Bu liberal bakış açısının iyimser işlevselci yaklaşımı aslında 1960’lardaki konjonktürde ortaya çıkan gelişmeler-üçüncü dünya ülkelerinin sömürgeci ülkelere karşı bağımsızlıklarını kazanmaları, yükselen yeni toplumsal hareketler, Vietnam savaşı, sosyalizmin çekici bir güç olması, bağlantısızlar hareketinin oluşmaya başlaması, kadın hareketi ve feminizmin erkek egemen değerleri sorgulamaya yönelmesi, modernist mantık, teknoloji ve amaçlara karşı gelişen kuşkular, iyimserliğe karşı başkaldırılar ve nihayet Mayıs 1968 gençlik hareketi ile Althusser’in yapısalcılığının ironik bir şekilde eleştirisini ifade eden “yapıların yollara dökülmesi” vb-ile yoğun olarak eleştirilmiş ve Batı eğitim sisteminin sınıfsal, ayrımcı, ve eşitsizlikçi yapısı çeşitli çalışmalarla deşifre edilmişti.8 Bu eleştirilerle eğitimde, gerek Marksist gerekse Weberci kanatlarıyla çatışmacı (Conflict) paradigma egemenliğini kurmuştu. Ancak, çatışmacı paradigmanın makro bakış açısı, mikro boyutları-okul/sınıf için özneler arası ilişkiler-yeterince dikkate almamıştı. Oysa, kurumun en derinindeki ilişkilerin dinamizmini kavrayamamak da, büyük bir eksiklik olarak görülmüştür. Bu bağlamda eğitimde mikro/yorumcu yaklaşımların-simgesel etkileşimcilik, fenomenoloji ve etnometodoloji-eğitim açıklama ve yorumlarına getirdiği zenginlik inkar edilemez. Fakat mikro yaklaşımların, günlük yaşam gerçekliğinin özneler arası etkileşimlerle kurulması sürecini fetişleştirmeleri de, büyük eğitim haritasına kör kalmaya neden olmuştur. Keyifli eğitim, öğretim ve yetiştirme süreçlerinin, insanın doğasına yabancılaşmayan, bilakis onun özgürleşmesine katkıda bulunan (emancipation) bir içerikte şekillenmesidir. Ama unutulmamalı:Sadece eğitim tek başına insanı özgürleştiremez. Eğitim, özgürleşme sürecinde sadece önemli bir uğraktır (moment). Eğitimi/okulu, olabildiğince keyifli bir kurum/mekan haline getirmenin öncelikli yolu, topyekün siyasal bir mücadeleden geçer. Poulantzas’ın dediği gibi, fabrika dönüşmeden eğitim değişmez.

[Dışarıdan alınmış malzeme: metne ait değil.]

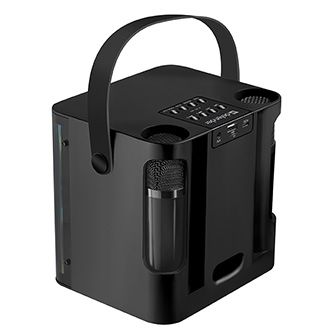 lama_qednp088bb00_08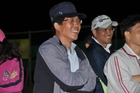 dsc_9781.jpg : 580 x 385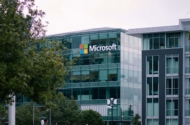 Der Produktfriedhof von Microsoft ist riesig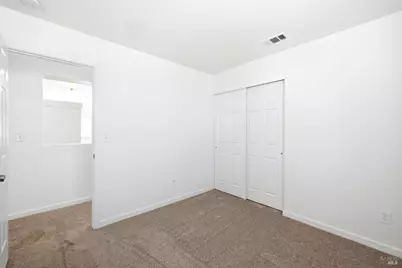 1690 Marenda Drive, Dixon, CA 95620 - Photo 51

Her şeye rağmen eğitimden keyif almalı insan. Öğrenme süreci, insanda haz yaratmalıdır; angarya ya da kölelik duygusu değil. Keyifli eğitimden anladığım, öğrenmenin tam anlamıyla ama çocuğu/genci hırpalamadan, sıkmadan, aşağılamadan, ötekileştirmeden, ayrımlaştırmadan, tek kelimeyle yabancılaştırmadan gerçekleştirilmesi demektir. Bunun için öğretmenin elbette otorite, ama demokratik bir otorite-tüm tarihsel mirastan eleştirel bir şekilde yararlanan bir otorite-olması gerekir. İlerlemeci pedagojinin vazettiği gibi öğretmenin palyaço, aktör, dramacı vs. gibi olmasına hiç gerek yok Hele Doğan Cüceloğlu, Üstün Dökmen gibi “küçük şeyler”i çeşitli medyatik ve popüler kılıklar altında anlatacağım diye birtakım “pembe psikolojik pazarlama teknikleri”ni kullanmanın ise hiç lüzumu yok.